Now, an increasing number of county and local elected officials across the Golden State have addressed the issue at hand and are working to cut taxes on retail sales, business operations or both, according to a MJBizDaily report.

At least 14 California cities and counties — including large consumer markets like Los Angeles and San Francisco alongside less-populated, production-focused areas such as Calaveras and Humboldt Counties — have moved to reduce or eliminate local sales, business or cultivation taxes over the past year, according to research compiled by Hirsh Jain of Ananda Strategy, an LA-based consultancy.

Following months of pressure from industry professionals, elected officials are finally recognizing that the state’s market is too expensive for many California consumers, especially given that there is still a thriving illicit market that regulators and lawmakers have been unable to eliminate (and that generally has much lower prices, with no imposed taxes).

In California, cannabis sales are subject to a 15% state excise tax along with state sales taxes, ranging from 7.25% to 10.75% in some regions.

As cannabis markets come online, the focus is often on tax revenue as a new source of revenue for states, often to backfill budgets and avoid larger, more challenging conversations around state spending. It also reflects the assertion that legal cannabis businesses generally expect more assistance from local lawmakers than at the state level.

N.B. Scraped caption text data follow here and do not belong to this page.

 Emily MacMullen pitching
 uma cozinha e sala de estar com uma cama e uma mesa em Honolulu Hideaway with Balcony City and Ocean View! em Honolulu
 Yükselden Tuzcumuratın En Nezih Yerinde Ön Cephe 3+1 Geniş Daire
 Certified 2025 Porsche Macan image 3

A collection of cities cut taxes in the past year, including: Berkeley, where lawmakers voted to extend an across-the-board local tax exemption until 2025; Cathedral City, which slashed retail taxes from 10% to 5% and offered additional cuts for cultivation and other business taxes; Long Beach, which cut taxes for social equity businesses and is also offering additional benefits for small companies meeting “good employer” requirements; Palm Desert, which cut gross receipts retailer tax from 10% to 5%; San Francisco, which has delayed the imposition of a local tax rate entirely; and Santa Ana, which cut taxes across the board.

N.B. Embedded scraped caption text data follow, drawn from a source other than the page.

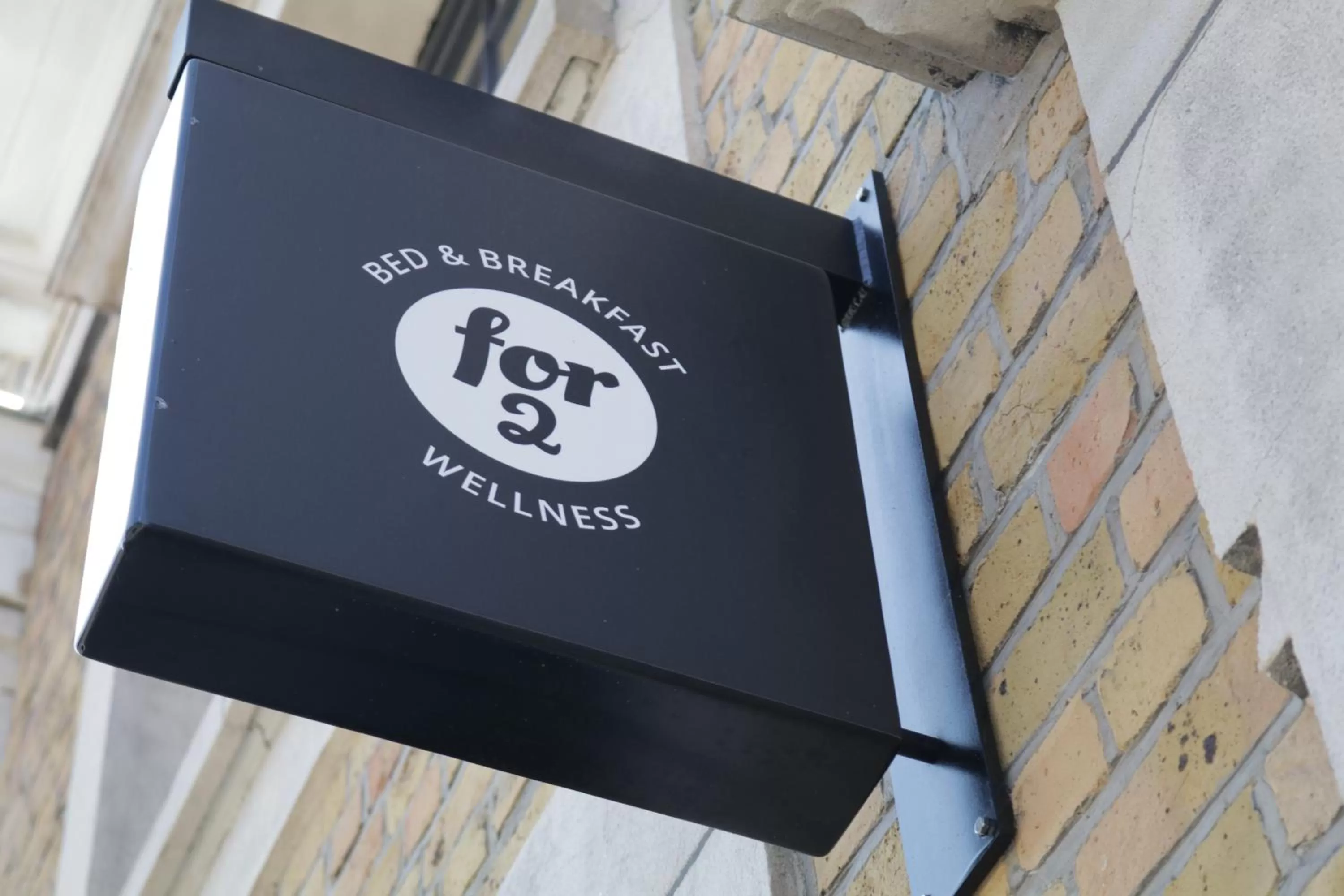 Property logo or sign in B&B For 2-Wellness For 2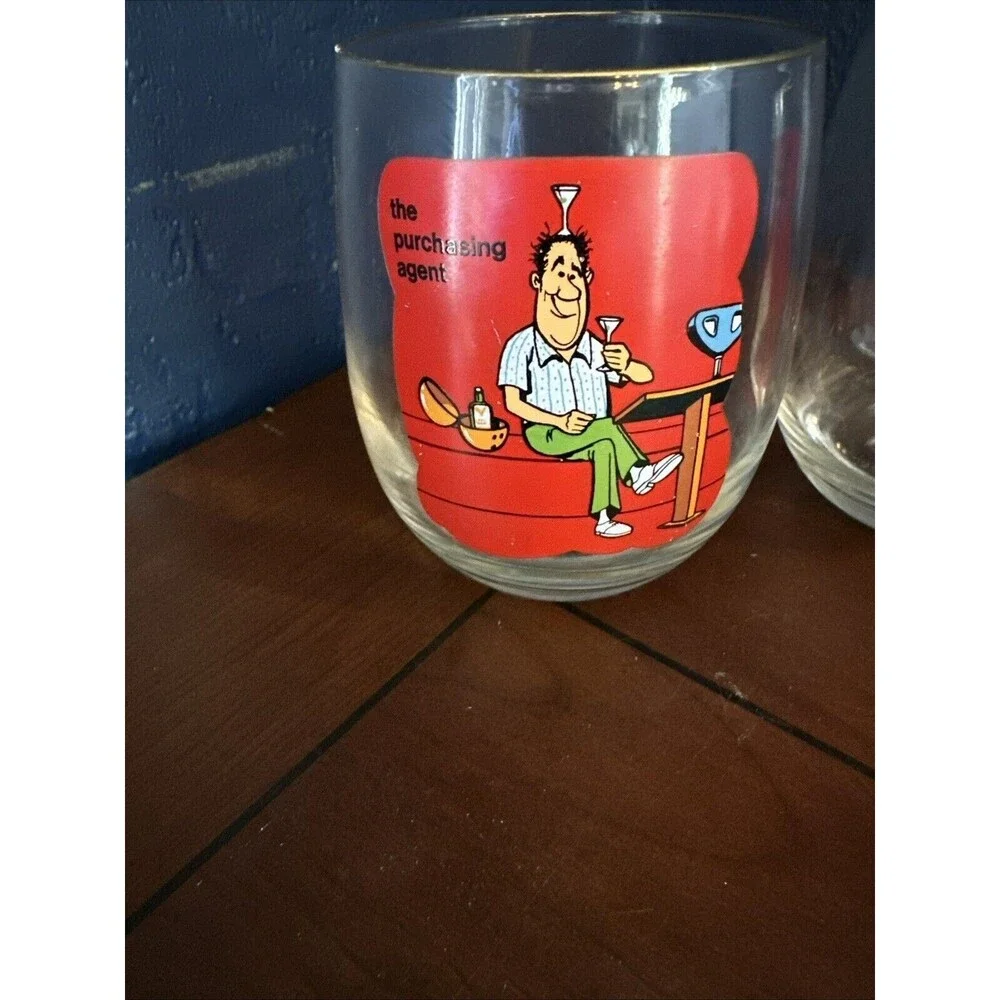 Set of 2 Vintage Ashby Bowling Cartoon Cocktail Beer Glasses Mug Gold Rim 1970’s
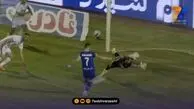 هدیه مدیران استقلال به آلومینیوم؛ بازیکن استقلال مانع گلزنی یاسر آسانی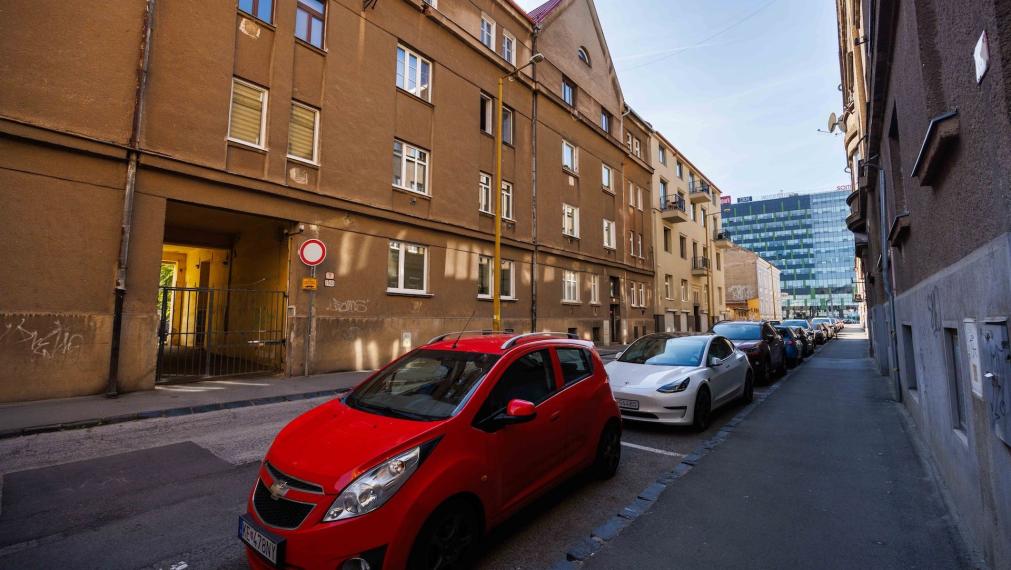 Meštiansky tehlový byt | 84 m2 (veľkosť 3 i.)| Palackého | 2. p. | čiastočná. rek | vlastné kúrenie | Košice - Staré mesto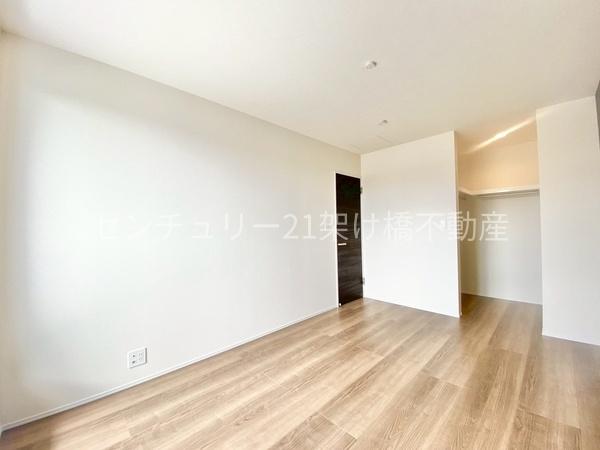 豊川市諏訪西町59期　新築戸建（全３棟）２号棟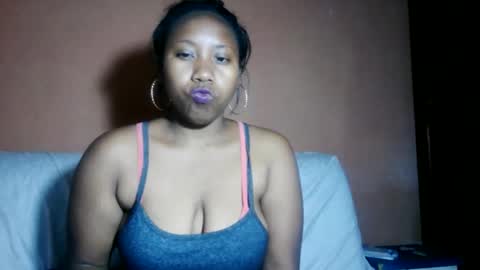 Snapshot of sanyah513 chatting on 05/13/26, 08:01 sanya online show from 05/13/26, 08:01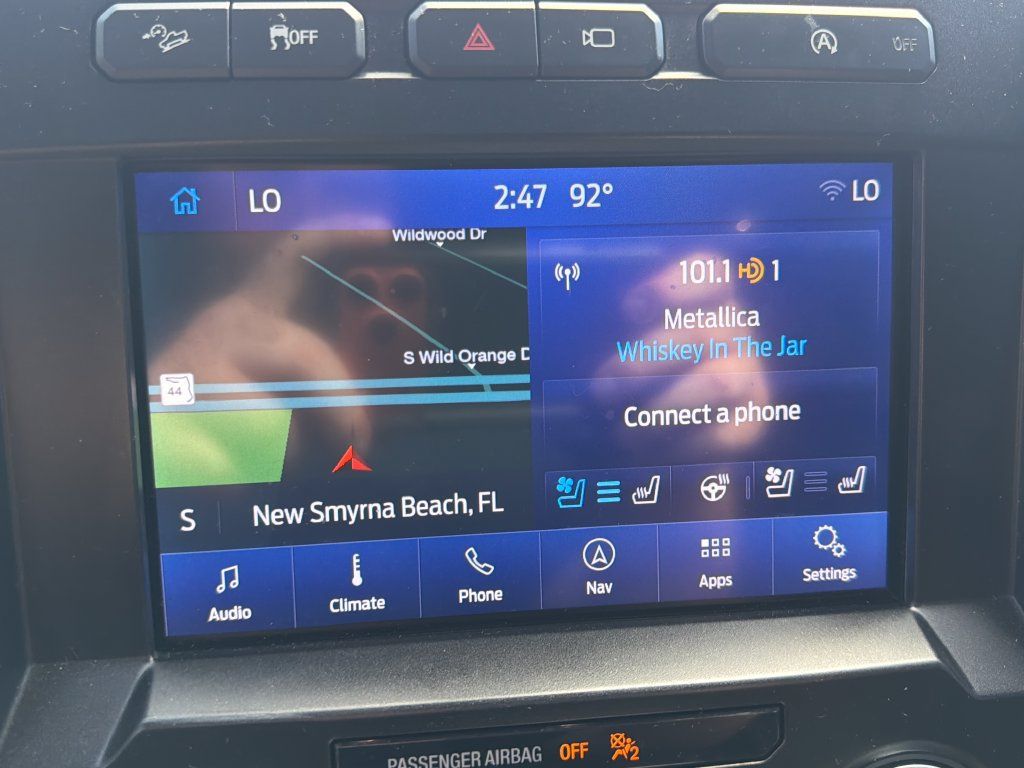 Used 2019 Ford F150 Platinum w/ Equipment Group 701A Luxury AWD/4WD image 24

Calavera, Humboldt, Mendocino, Monterey, San Luis Obispo and Sonoma Counties all also recently cut cannabis taxes.

San Luis Obispo County Supervisor Dawn Ortiz-Legg spoke to MJBizDaily about the reasoning behind the gross-receipts tax cut on cannabis businesses, slashing it to 6% and personally pushing for as little as 4%.

“All industries when they first start out are on rocky roads at first,” she said. “I think it’s our responsibility to help people who are following the rules and paying bills. Instead of being penalized, they should be supported and helped. In my opinion, we really need to be helping them a lot more than we have. The harder we make it for legal participants, the easier we make for the (illicit) market.”

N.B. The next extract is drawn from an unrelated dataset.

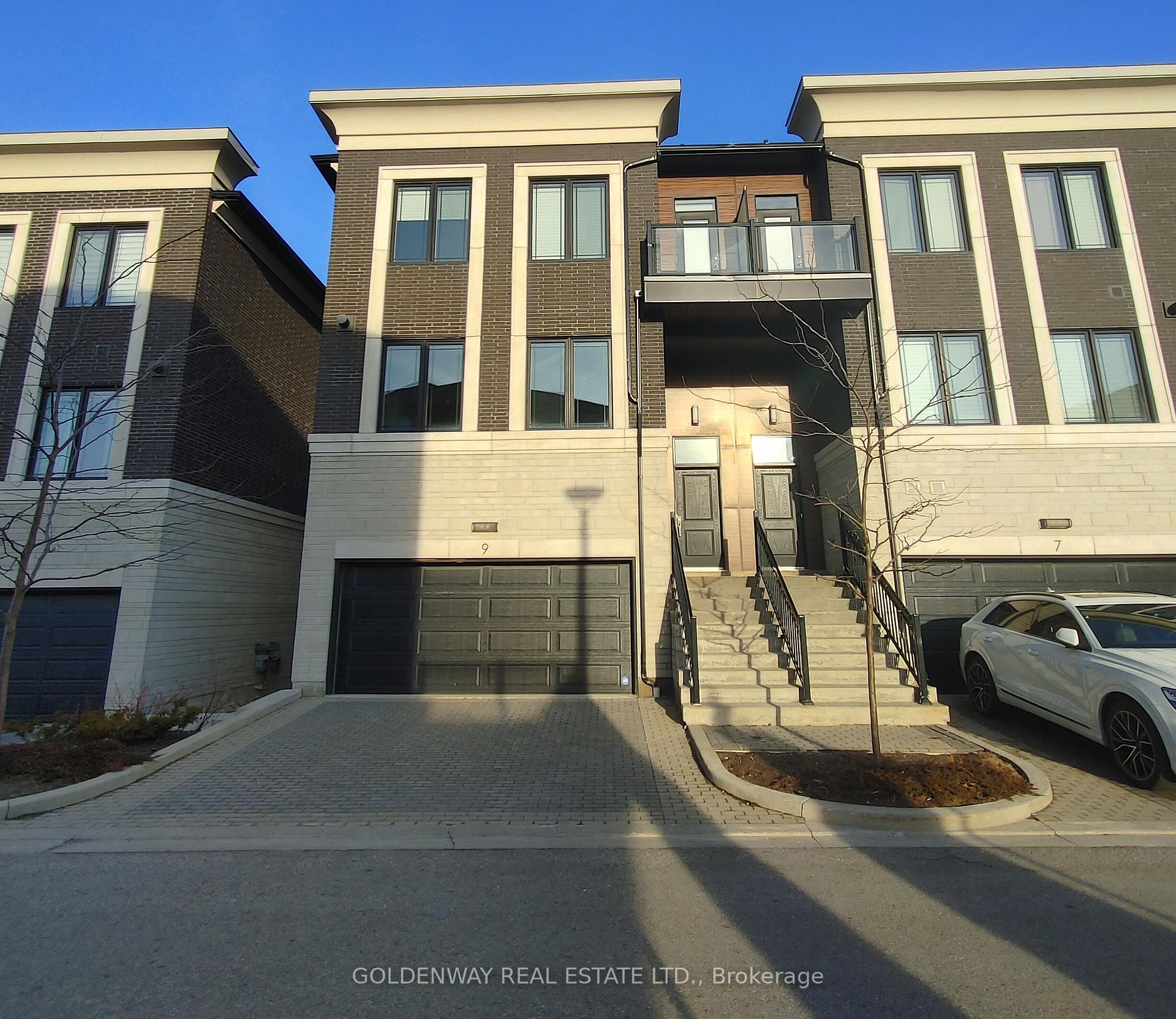 Photo 2 of 9 Caseley Way, Markham, Unionville — HOMEH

Though economists are also arguing that high taxes are just one troublesome element hindering the border California cannabis industry. For one, there is a strong local control of state law, allowing for cities and counties to strictly zone or ban cannabis retail entirely and effectively creating an avenue for illicit sales to thrive, namely in regions that don’t allow legal cannabis sales.

Other states, like Washington, also have high tax rates when all is said and done, though they don’t face the same issues as cannabis businesses in California.

“People tend to emphasize taxes because it’s an easy thing. ‘Oh, reduce taxes from 15% to 10%,’” said Robin Goldstein, UC Davis Cannabis Economics Group’s director. “But when you put all the taxes together, that’s one small piece of what’s making it hard for legal weed to compete with illegal weed.”

Goldstein argued that policymakers should follow models from other stable and profitable industries when regulating cannabis. If leaders want to reap the greatest benefits in terms of jobs, he suggests regulating cannabis like they would a normal agricultural product.

“The idea that you have to set up a special system for cannabis, with special stores that can sell nothing else, on top of all this other stuff you’re piling on top of it, is really not learning from the lessons of what’s succeeded in other industries.”